A beautifully written story by Julie Rose, Pinhead tells in the first person pov of a father’s love for his estranged son, and his frustrated attempts to show his feeling while being stymied by the words to say it.
But Rose knows how to say the words to show the feeling:
Winding down through the flanks of these mountains were the small, hardy trout streams and furnace brooks where I have always fished. In the land preserves where I’ve spent a lifetime hunting, stone walls lay like spines, half-buried in the parchment-colored winter fields, defining obsolete perimeters. In the small, mossy graveyards cradled beside country roads, stones half-sunken beneath the land bore receding nscriptions of birtht and death and belovedness. I tried, even though I knew better, to say how it felt to be out there driving on the dirt roads toward home through fields cloaked with snow, cold as it was, beautiful and glittering and ending as everything was.

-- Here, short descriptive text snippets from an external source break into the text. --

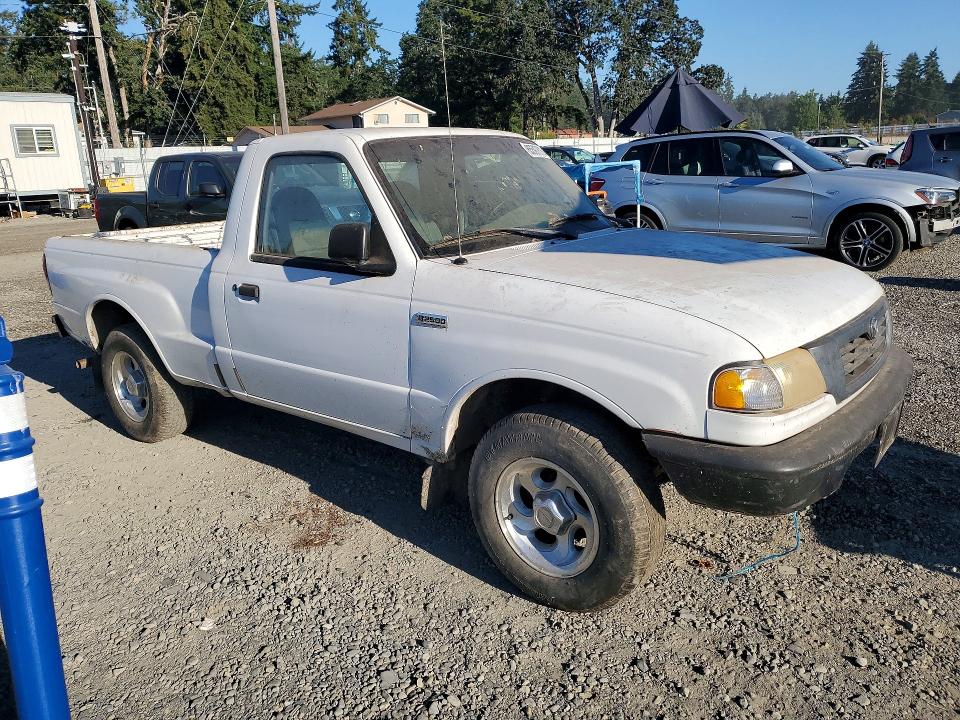 1999 Mazda VIN 4F4YR12C8XTM00362 COPART salvage auction — REAR END, Wa - Vehicle Cert Of Ownership-Titl, sold $725 on 2026-09-08 (photo 4)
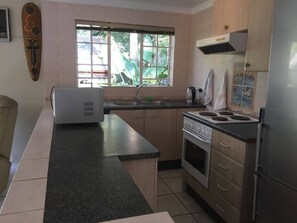 A kitchen with a stove, sink, and window. - Six on Green Cottage (Johannesburg)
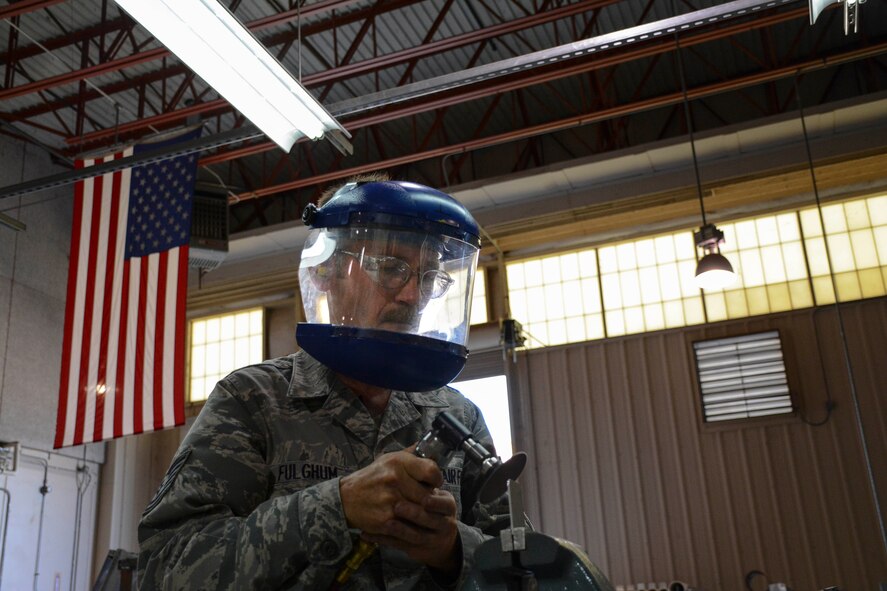 Technical Sergeant Harold Fulghum shapes and grinds a joggle block to be used on the simulated aircraft structure being built by the 507th Air Refueling Wing fabrication flight's sheet metal shop.  Fulghum came up with the idea to build the simulator.  It gives sheet metal workers the opportunity to work on the leading edge of a KC-135R Stratotanker wing without the jet actually being broken.  (U.S. Air Force photo/Senior Airman Mark Hybers)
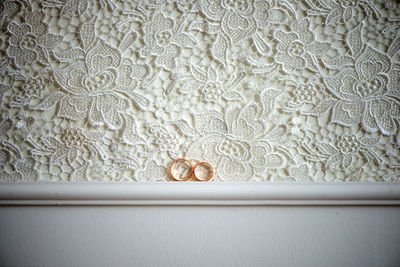 Close-up of rings on white wall
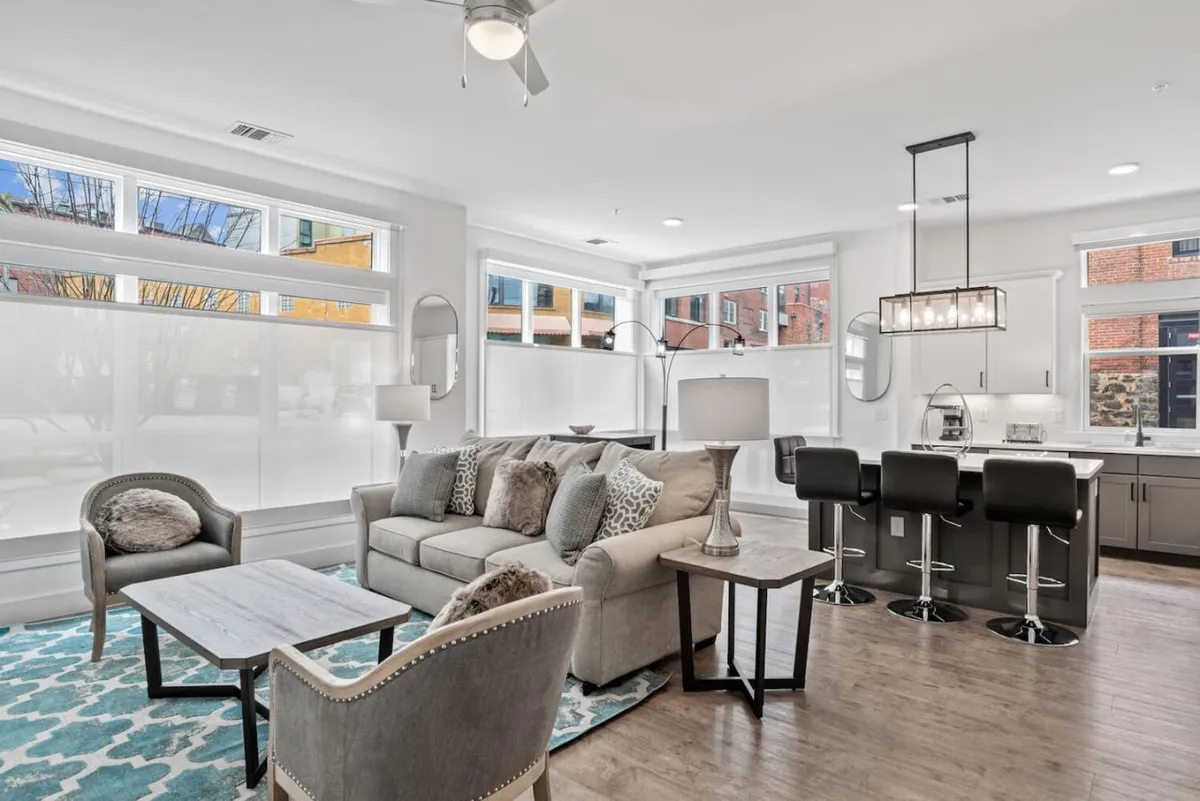 The image showcases a sunlit open-concept living area featuring a cozy sofa, a modern coffee table, a spacious kitchen island for dining, and expansive windows that bathe the space in natural light. The layout is perfect for relaxing with loved ones, enjoying a cup of coffee by the window, or sharing meals together after a day exploring Asheville.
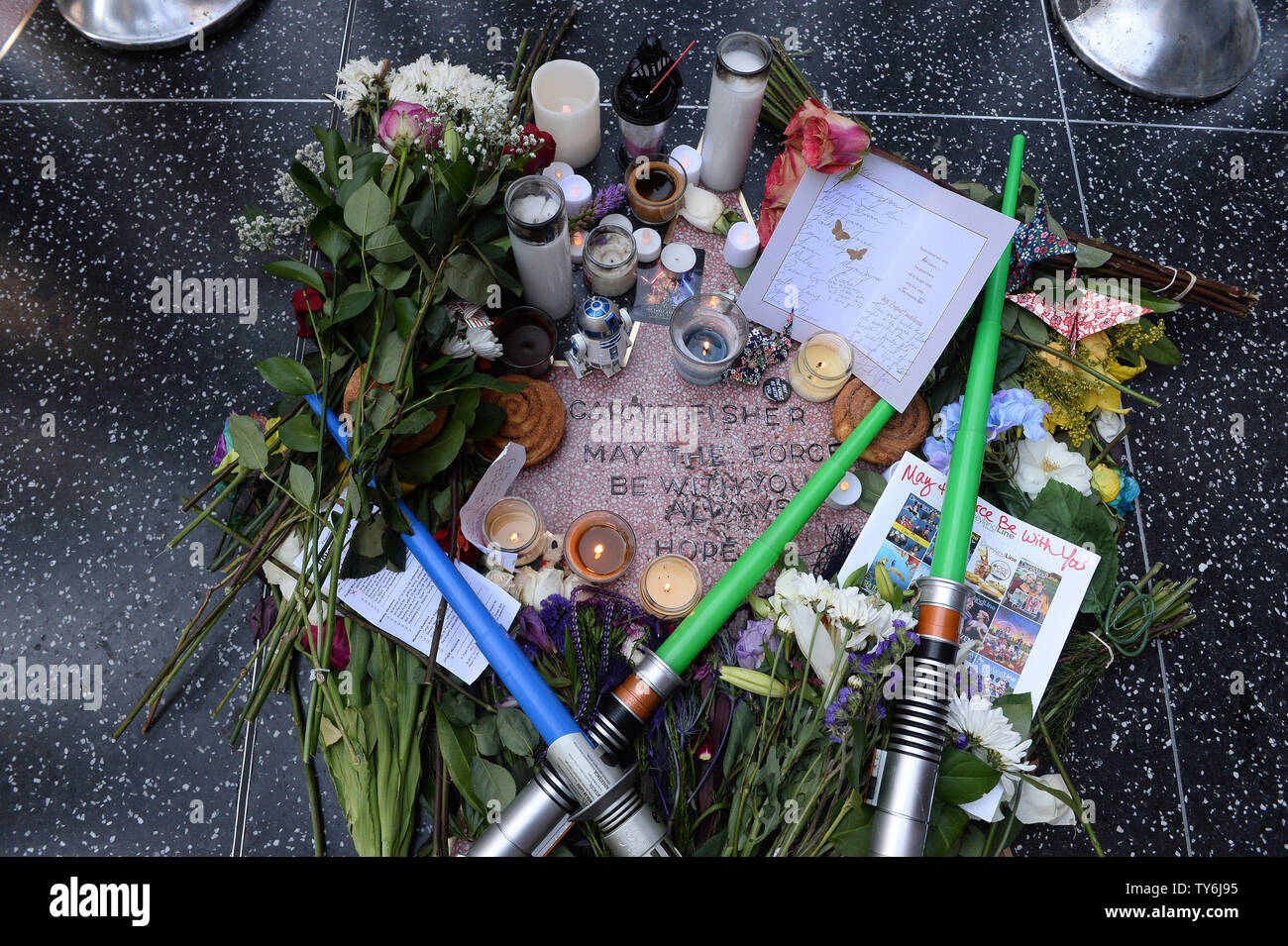 Fans gather around an impromptu Hollywood Walk of Fame Star memorial to pay tribute to 'Star Wars' actress and author Carrie Fisher, who died at age 60 Tuesday, one day before her mother, actress Debbie Reynolds died in Los Angeles on December 29, 2016.  Photo by Jim Ruymen/UPI Stock Photo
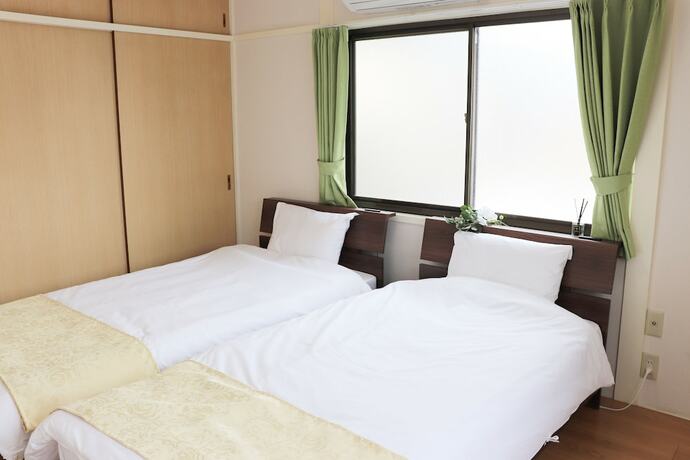 Imagen de la habitación del Hotel Taiko 2chome House. Foto 31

"Another shitty day in paradise," I said. (p. 36)
The above is a scene where the narrator’s friend is driving him home from the hospital after an operation. It so clearly shows that what the man feels and sees is something he cannot put into words when speaking with someone else. There is that reticence of the danger of revealing, or of looking stupid, or simply of becoming too close.
This is his problem with his relationship with his grown son. So he spies on him, dreams of a confrontation or conflict that brings them together through need or deed to end the silence.
Because he doesn’t know what to say. But how wonderfully well the author says it all.